For 50 years, real estate transactions have been personal for The Cabot Group

Mike Smith, founder and CEO of The Cabot Group. (Photo provided)

There was a time, as Mike Smith’s firm grew and gained a greater foothold within Rochester’s real estate community, that it made sense to be multi-faceted.

Cabot Management Corp. managed properties for third-party clients, developed a town home community in Honeoye Falls, became a mortgage lending correspondent for a major life insurance company and created a series of investment partnerships to own and operate retail, office and multifamily space.

But as Smith, the CEO, evaluated his firm’s strengths and how his team could best serve clients back in the mid-1990s, the mirror provided a more accurate picture of the future.

Rather than dabbling in a variety of industry sectors, it made most sense to focus on being the best real estate servicer in the region.

So his firm shifted away from development, from investment and from building ownership, he altered the company name to The Cabot Group, and the employees began concentrating solely on being trusted advisors and high-quality service providers.

Now celebrating 50 years of service in the real estate industry, the pivot has The Cabot Group in a position of strength heading into the next half century.

“Every business executive at some point in time will have a real estate issue they need to address,” Smith said. “We’ve grown to be a resource to address those issues. But then once we agree with the client on the course of action, someone has to implement the strategy.”

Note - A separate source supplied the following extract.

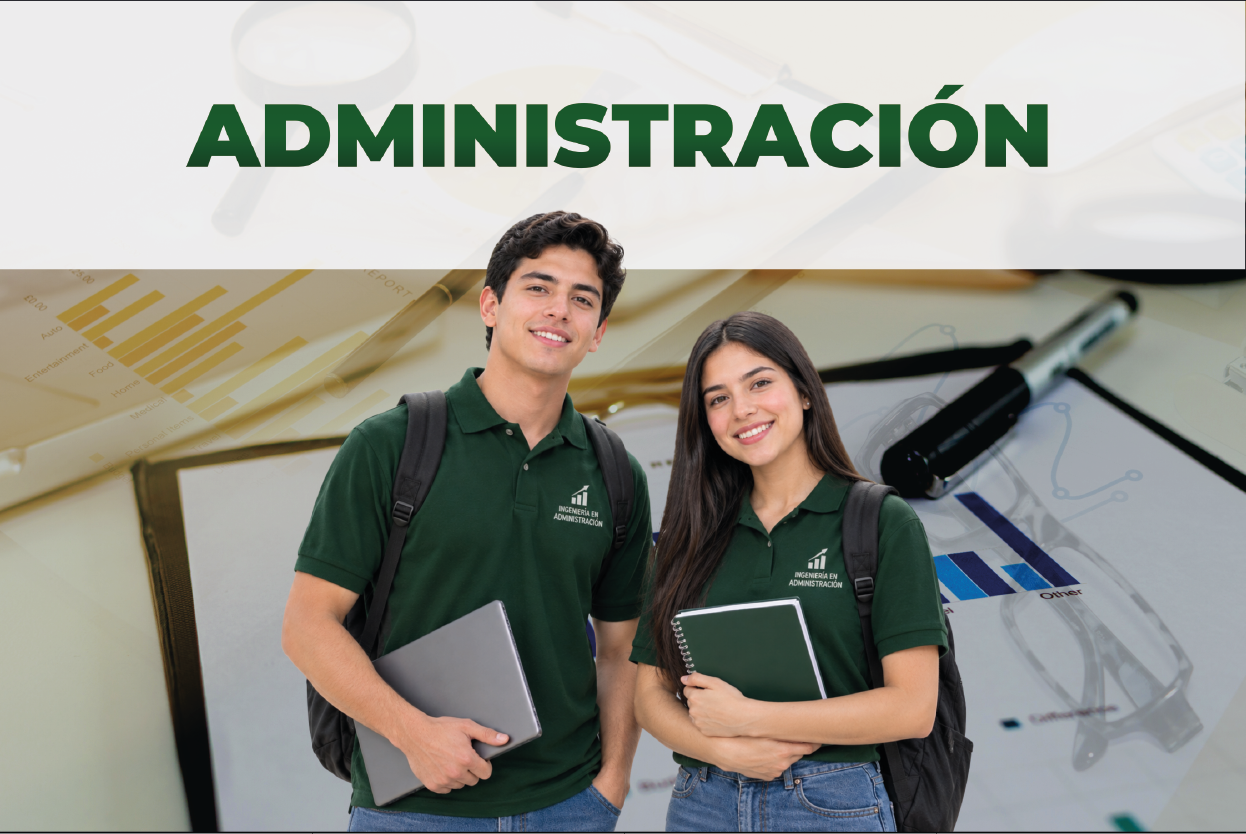 Ingeniería en Administración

Enter The Cabot Group. Whether it’s providing brokerage services, managing a 500-unit apartment community, executing market analysis, doing audits or helping a client decide the best time to diversify or refinance, someone with the firm’s 130 employees is a specialist in that particular silo.

“We could not have talent that was a jack-of-all-trades,” Smith said. “If we were going to be good at what we do, if we were going to provide the quality and expertise that our clients would expect and we would expect, we had to specialize.”

He came to that realization by performing what he called a SWOT: an analysis of strengths, weakness, opportunities and threats.

The strengths: high-quality key personnel and a multitude of experience in all facets of real estate.

The weaknesses: limited investment capital.

The opportunities: a market devoid of full-service service providers and advisors.

The threats: a relatively small real estate market and the need to fill every need for a potential client.

When the firm also owned property, Smith realized it wasn’t right to be in competition with clients for the same office tenant or retail tenant. That was also why The Cabot Group chose to be only an advisory and service provider.

“I just felt there was a need for a specialized real estate management company,” he said. “Each of the steps along the way, people have come to us and said, ‘Can you help me?’ And over the years, the opportunity to help has expanded.”

A graduate of Monroe Community College and then Miami University in Ohio, Smith said his best education in real estate came from his first job, as general manager of property management for Rochester-based Stanndco Developers, a firm that no longer exists. “General manager” essentially meant he would generally do a little of everything.

“They threw so much at me,” Smith said.

He realized, however, that there was a niche in the market, so at the age of 26 he made the decision to create his own firm. Which meant he needed a name, but as a relatively unknown, Smith Management or The Smith Group or Michael Smith Real Estate just wasn’t going to wow the marketplace.

“Who is going to put their money in my hands at my age?” he said. “I needed something that sounds like it’s been around here forever.”

He settled first on Cabot Management Corp. It sounded stately. It sounded regal. It was unique. And now, 50 years later, The Cabot Group’s direction and focus is also unique.

One of his first clients was The Windsor Square in Penfield. The residential community is still a client. Today The Cabot Group manages around two million square feet of office, industrial, warehouse and retail space and more than 4,000 multifamily units across a dozen properties. Representatives also broker some $50 million annually in transactions.

“My clients have become my friends, and my friends have become my clients,” Smith said.

They recently completed liquidation of the Max Farash property empire, a portfolio that included around 75 properties, most of which was in Western New York. The proceeds fund the Max and Marian Farash Charitable Foundation.

Farash Place at 255 East Ave. was not sold, however. With 170,000 square feet of office space, it is home to the foundation as well as other tenants and is 96-percent leased, Smith said.

“Under everything we do is someone’s money,” Smith said, “so our financial administration has to be perfect. Everything we do is relationship-based. It’s not transactional, it’s personal.”